Semantic XHTML

Brian Cantoni has a good writeup of a talk about Semantic XHTML given by Kevin Marks and Tantek Celik. The slides are available online as well. There’s some good stuff in there. Lately I’ve been working a bunch with the idea of mixing in additional information with web content. The ideas become much more interesting with the read-write-web in my opinion. There’s an elegant layered model for moving user content around evolving. The APIs that started out with blogging, like MetaWeblog and Atom, provide a transport mechanism. Semantic XHTML can provide the structure for those posts to turn a blog post into something more, like an address book update or a calendar event. And those two realms can remain distinct. A standard blog post without semantic information remains a valid post, using Semantic XHTML in some cases doesn’t preclude using standard HTML in others. For instance the metadata for a micro-content system could be passed as semantic XHTML in a blog post. Systems used to tend to either require metadata or not allow it at all. New systems, like the del.icio.us bookmarking system, allow for optional metadata and don’t enforce any restrictions on how the info is used.

The term for this free-for-all kind of metadata is currently folksonomy.
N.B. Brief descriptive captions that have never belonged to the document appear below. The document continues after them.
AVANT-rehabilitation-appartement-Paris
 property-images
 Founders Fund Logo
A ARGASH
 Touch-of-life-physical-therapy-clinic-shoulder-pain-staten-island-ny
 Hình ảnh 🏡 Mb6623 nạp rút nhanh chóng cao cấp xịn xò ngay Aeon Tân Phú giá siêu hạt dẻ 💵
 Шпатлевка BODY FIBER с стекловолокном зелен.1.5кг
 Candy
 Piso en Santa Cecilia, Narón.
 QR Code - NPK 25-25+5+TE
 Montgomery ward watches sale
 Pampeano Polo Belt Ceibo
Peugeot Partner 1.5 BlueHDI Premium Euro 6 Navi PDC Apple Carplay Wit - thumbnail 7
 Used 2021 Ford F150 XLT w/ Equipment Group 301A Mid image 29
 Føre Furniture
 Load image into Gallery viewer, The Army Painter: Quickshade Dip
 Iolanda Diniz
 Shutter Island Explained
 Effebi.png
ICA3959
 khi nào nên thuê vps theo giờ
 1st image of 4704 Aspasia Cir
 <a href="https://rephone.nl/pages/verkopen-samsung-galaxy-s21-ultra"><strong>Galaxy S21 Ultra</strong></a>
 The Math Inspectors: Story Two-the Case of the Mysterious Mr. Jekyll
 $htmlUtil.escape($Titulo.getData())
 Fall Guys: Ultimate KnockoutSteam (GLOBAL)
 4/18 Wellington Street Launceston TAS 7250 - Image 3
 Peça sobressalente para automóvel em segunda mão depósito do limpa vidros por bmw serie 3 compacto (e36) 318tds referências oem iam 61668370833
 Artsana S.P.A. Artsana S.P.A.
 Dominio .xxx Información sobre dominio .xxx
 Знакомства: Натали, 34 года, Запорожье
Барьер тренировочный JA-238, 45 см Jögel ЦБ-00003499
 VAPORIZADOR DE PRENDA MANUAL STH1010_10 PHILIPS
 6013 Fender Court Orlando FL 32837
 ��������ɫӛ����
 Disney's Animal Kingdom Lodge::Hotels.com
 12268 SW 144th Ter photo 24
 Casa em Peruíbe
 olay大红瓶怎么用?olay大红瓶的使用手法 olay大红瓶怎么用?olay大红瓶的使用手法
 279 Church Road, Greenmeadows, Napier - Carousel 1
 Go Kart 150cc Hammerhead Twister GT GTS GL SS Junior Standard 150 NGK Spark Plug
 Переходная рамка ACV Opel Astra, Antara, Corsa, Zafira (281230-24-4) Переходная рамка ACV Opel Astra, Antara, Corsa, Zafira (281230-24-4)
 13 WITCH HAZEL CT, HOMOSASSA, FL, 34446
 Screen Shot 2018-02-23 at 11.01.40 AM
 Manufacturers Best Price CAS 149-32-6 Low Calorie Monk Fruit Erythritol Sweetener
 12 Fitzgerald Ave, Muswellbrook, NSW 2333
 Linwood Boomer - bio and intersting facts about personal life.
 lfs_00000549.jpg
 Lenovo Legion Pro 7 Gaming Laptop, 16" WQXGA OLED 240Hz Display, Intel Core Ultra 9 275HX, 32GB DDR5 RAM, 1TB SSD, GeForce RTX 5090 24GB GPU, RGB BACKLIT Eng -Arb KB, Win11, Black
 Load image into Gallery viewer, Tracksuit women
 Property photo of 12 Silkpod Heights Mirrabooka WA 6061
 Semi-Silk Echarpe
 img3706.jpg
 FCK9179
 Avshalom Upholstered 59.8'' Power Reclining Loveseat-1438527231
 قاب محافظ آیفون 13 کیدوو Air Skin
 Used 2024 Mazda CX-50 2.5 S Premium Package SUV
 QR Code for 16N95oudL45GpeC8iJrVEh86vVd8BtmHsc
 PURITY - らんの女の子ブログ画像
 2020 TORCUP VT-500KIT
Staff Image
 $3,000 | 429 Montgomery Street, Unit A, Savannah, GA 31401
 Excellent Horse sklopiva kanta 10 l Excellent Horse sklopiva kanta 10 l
And like many of the points of interest within the area called social software, it’s simply a reversal of what “common knowledge” computer information management says is an unworkable system. Traditional knowledge said that unstructured metadata for categorization would lead to chaos, you need a strict taxonomy. Del.icio.us has proven that chaos does indeed have it’s uses, even without a taxonomy the system is still very useful. Traditional knowledge says that any public internet resource needs access control and authentication. Wikis (and the Wikipedia in particular) have proven that there are cases where a free-for-all actually increases the rate of production. Even after you factor in time to reverse graffiti and malicious updates. So what are some of the other assumptions that we can attempt to reverse in looking for areas where common knowledge tells us some system is “unworkable”?

Well, how about the application interfaces themselves? Traditional system architecture says that in order to build an application you need a set of cooperating APIs, and that accessing remote resources requires something like SOAP/WSDL or CORBA in order to provide a description of the interface and introspection and versioning. But there’s been a lot of resistence to this view of the network, such as the RESTian response to web services. Most recently the JotSpot tool seems to have embraced the idea also. Applications aren’t bits of binary code linking together local libraries into a strict framework of classes and objects, they’re transformations and pointers linking togther and unifiying resources out on the web. It’s a completely different take on the control vs. flexibility tradeoff than is normally taken. Don’t errect a strict barrier arround your application to isolate it from the world. Provide every affordance and convenience to allow data in any form to contribute. I personally expect a lot more work in this direction over the next couple of months. It just logically lays in line with a series of movements that have been taking shape and gaining momentum for at least a year.